Instructions to follow → Set down all of the records below exactly, please, omitting the images.

Caption-style text data
═══

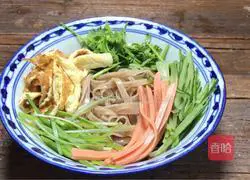 Illustration of how to make ham and egg noodles 12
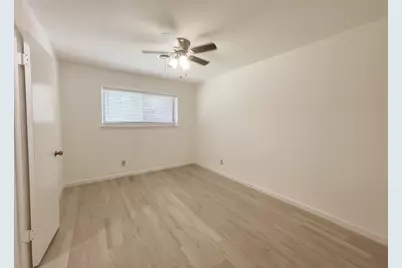 7710 Romney Road, Houston, TX 77036 - Photo 13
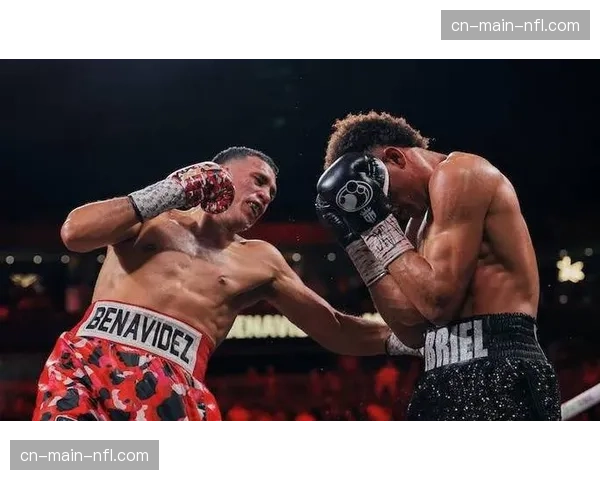 WBC官宣：阿瓦雷兹与贝纳维德兹超中量级拳王战敲定于2026年5月3日
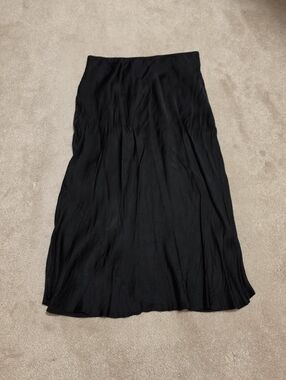 Aritzia Wilfred Satin Slip Midi Skirt (older version)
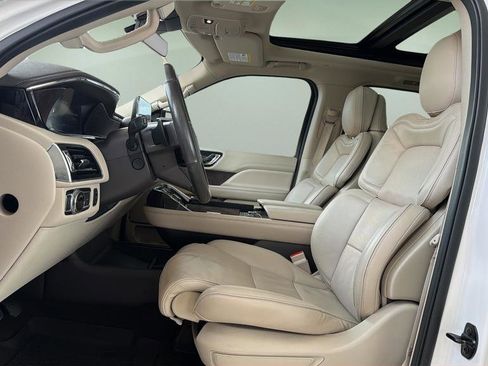 Used 2019 Lincoln Navigator Reserve AWD/4WD image 23
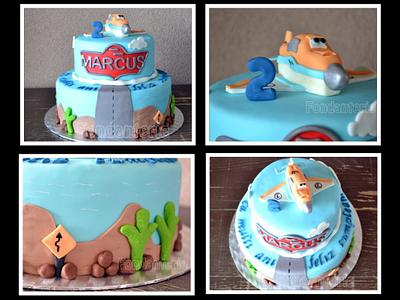 Planes  cake - Cake by Fondanterie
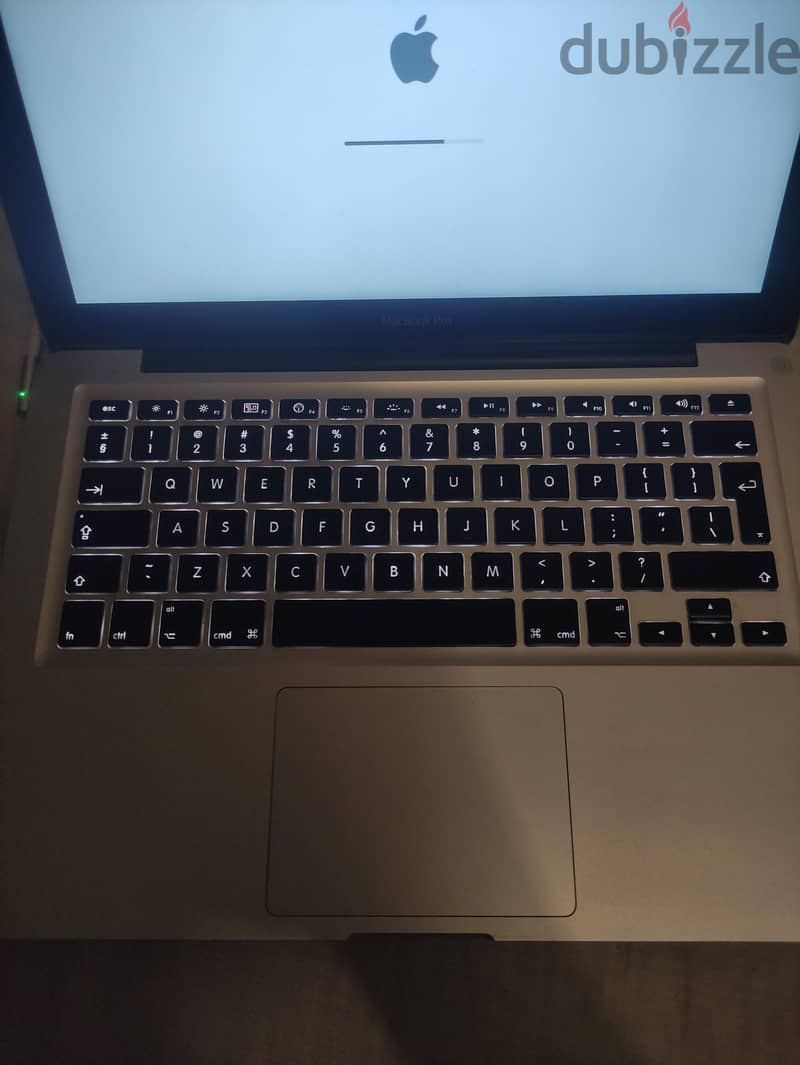 macbook pro 2010 good condition 2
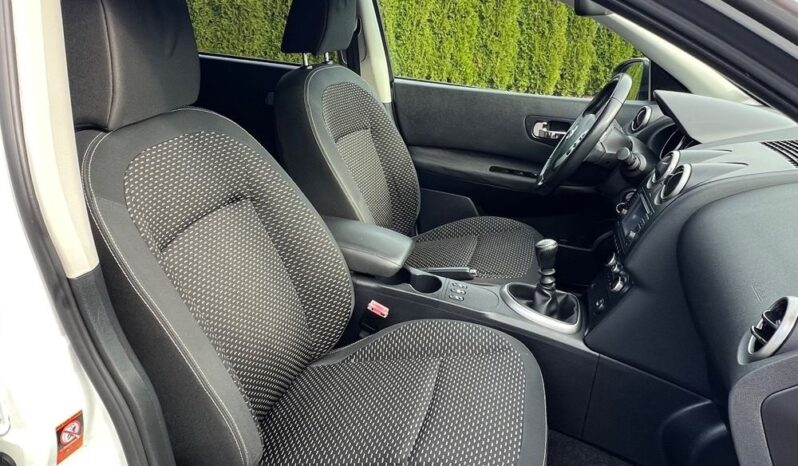 Nissan   Qashqai    141 KM    Manualna    FWD (przód)    Biały full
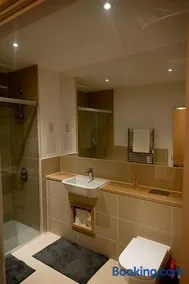Exquisite cozy house, close to Train Station and amenities - Image 2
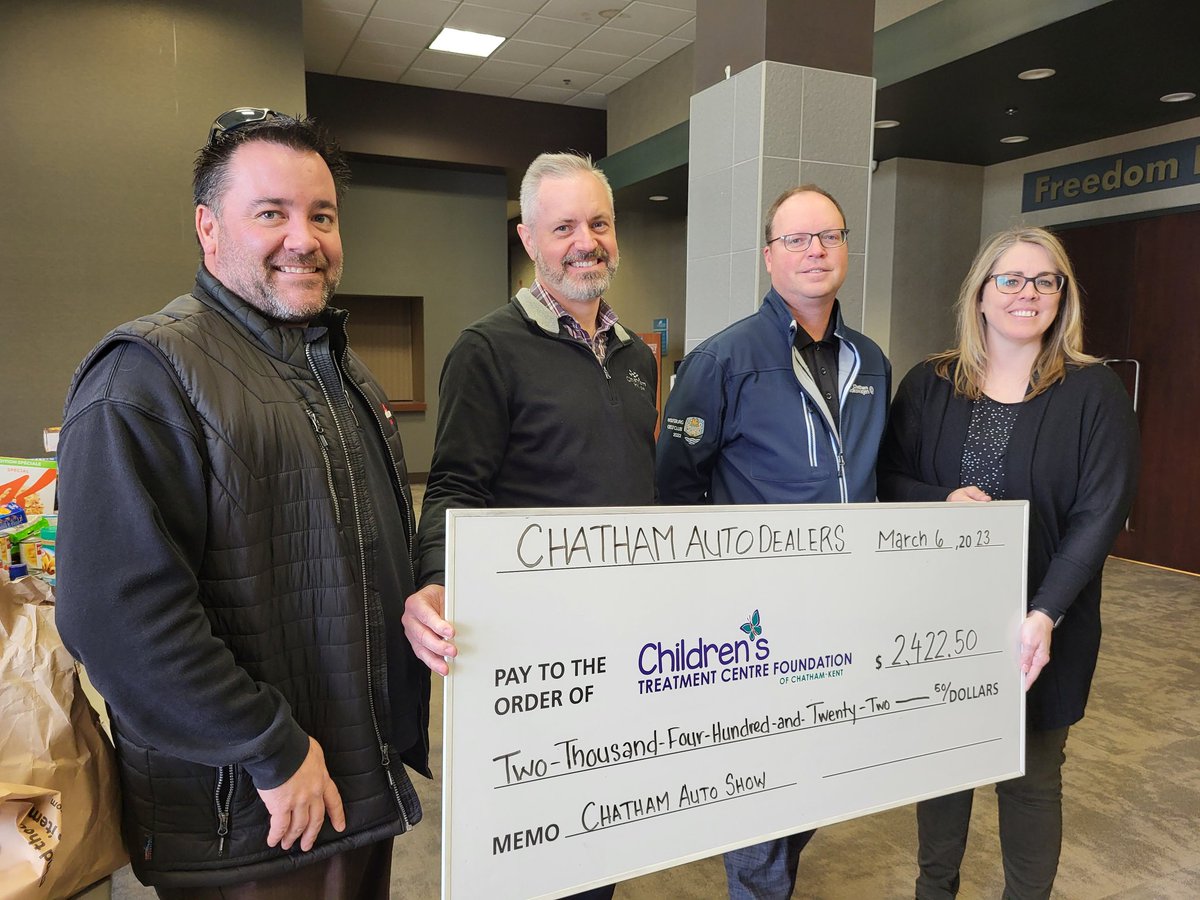 GregCKL's tweet photo. One of the favorite parts of my job.. to watch the giving in CK.
The Chatham Auto Dealers are sharing the donations from The Chatham Auto Show from the past weekend with 4 charities. 
Each charity recieved $2422.50 in cash/non perishable food items.
#ITSGOODTOGIVE https://t.co/yK3vY987fs
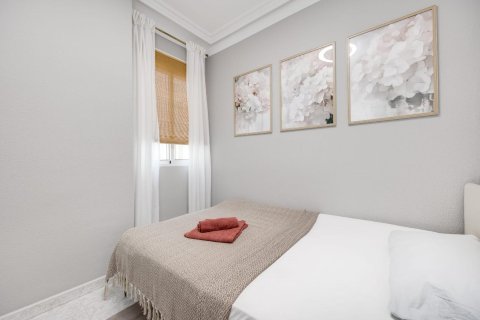 Apartment à vendre à Torrevieja, Alicante, Espagne, 2 chambres, 72 m2 No. 155516 - photo 10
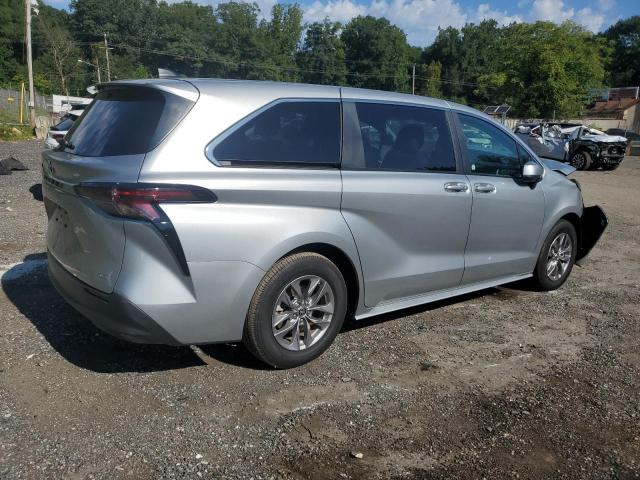 2025 TOYOTA SIENNA LE 5TDKRKEC7SS226629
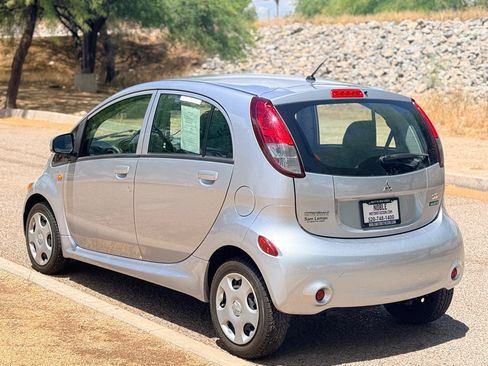 Used 2012 Mitsubishi i SE RWD image 3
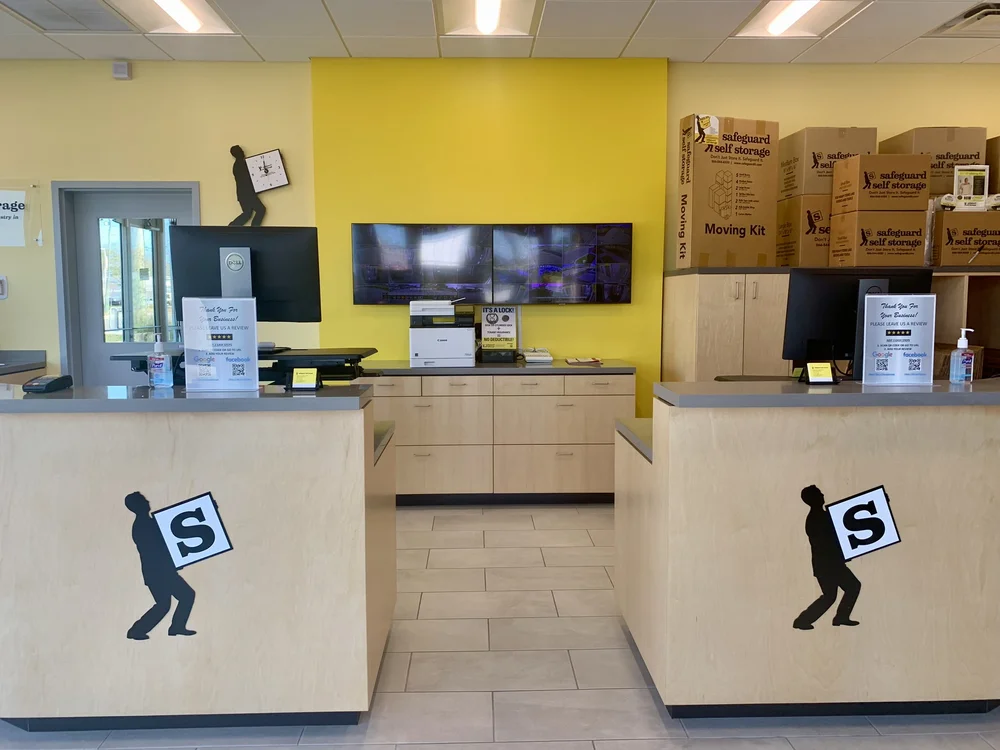 moving and packing supplies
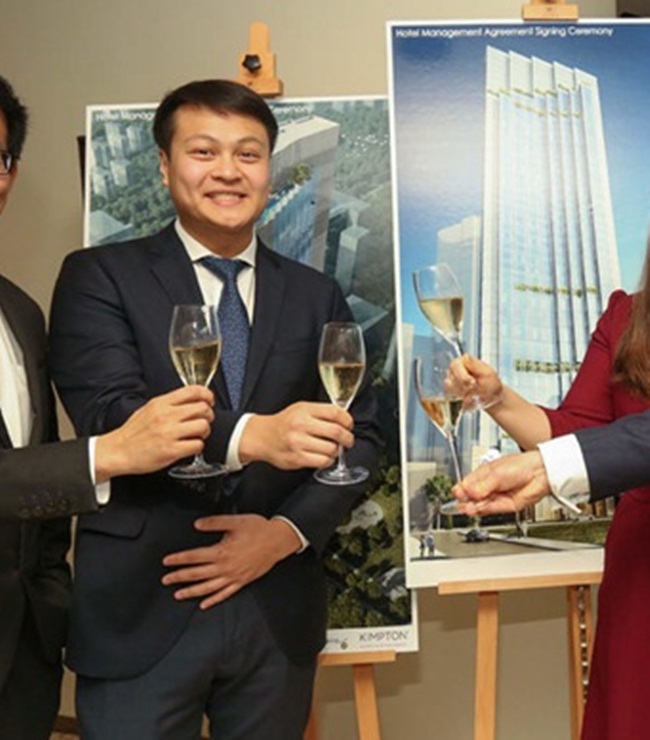 Jonathan Kwok là con trai của cố chủ tịch tập đoàn bất động sản Sun Hung Kai Properties Walter Kwok.
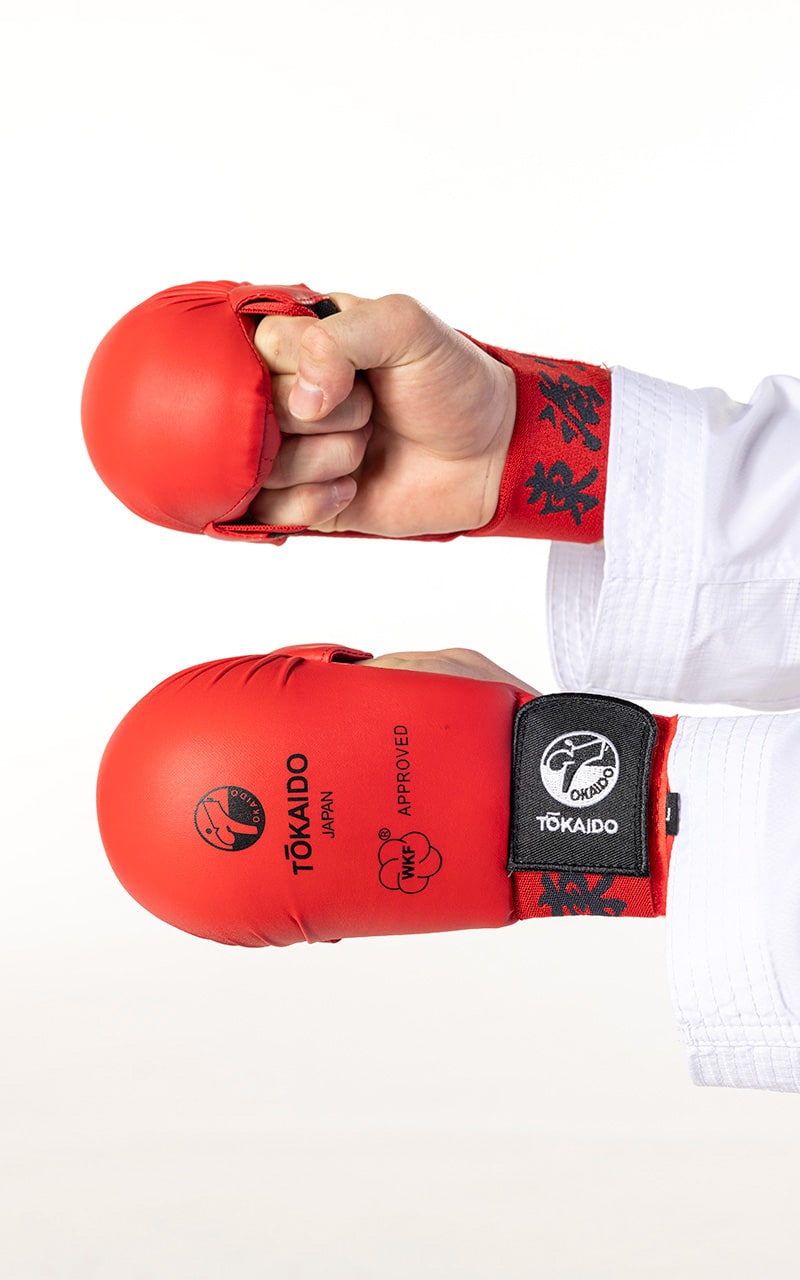 Protège-poings de karaté, TOKAIDO Kanji, WKF - Rouge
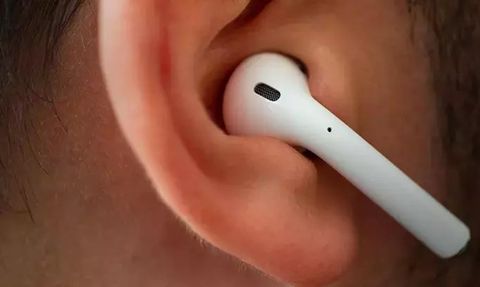 Kablosuz Kulaklıkların Uzun Süreli Kullanımı Kulak Sağlığını Tehdit Ediyor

═══

Written response →
 Illustration of how to make ham and egg noodles 12
 7710 Romney Road, Houston, TX 77036 - Photo 13
 WBC官宣：阿瓦雷兹与贝纳维德兹超中量级拳王战敲定于2026年5月3日
 Aritzia Wilfred Satin Slip Midi Skirt (older version)
 Used 2019 Lincoln Navigator Reserve AWD/4WD image 23
 Planes  cake - Cake by Fondanterie
 macbook pro 2010 good condition 2
 Nissan   Qashqai    141 KM    Manualna    FWD (przód)    Biały full
Exquisite cozy house, close to Train Station and amenities - Image 2
 GregCKL's tweet photo. One of the favorite parts of my job.. to watch the giving in CK.
The Chatham Auto Dealers are sharing the donations from The Chatham Auto Show from the past weekend with 4 charities. 
Each charity recieved $2422.50 in cash/non perishable food items.
#ITSGOODTOGIVE https://t.co/yK3vY987fs
 Apartment à vendre à Torrevieja, Alicante, Espagne, 2 chambres, 72 m2 No. 155516 - photo 10
 2025 TOYOTA SIENNA LE 5TDKRKEC7SS226629
 Used 2012 Mitsubishi i SE RWD image 3
 moving and packing supplies
 Jonathan Kwok là con trai của cố chủ tịch tập đoàn bất động sản Sun Hung Kai Properties Walter Kwok.
 Protège-poings de karaté, TOKAIDO Kanji, WKF - Rouge
 Kablosuz Kulaklıkların Uzun Süreli Kullanımı Kulak Sağlığını Tehdit Ediyor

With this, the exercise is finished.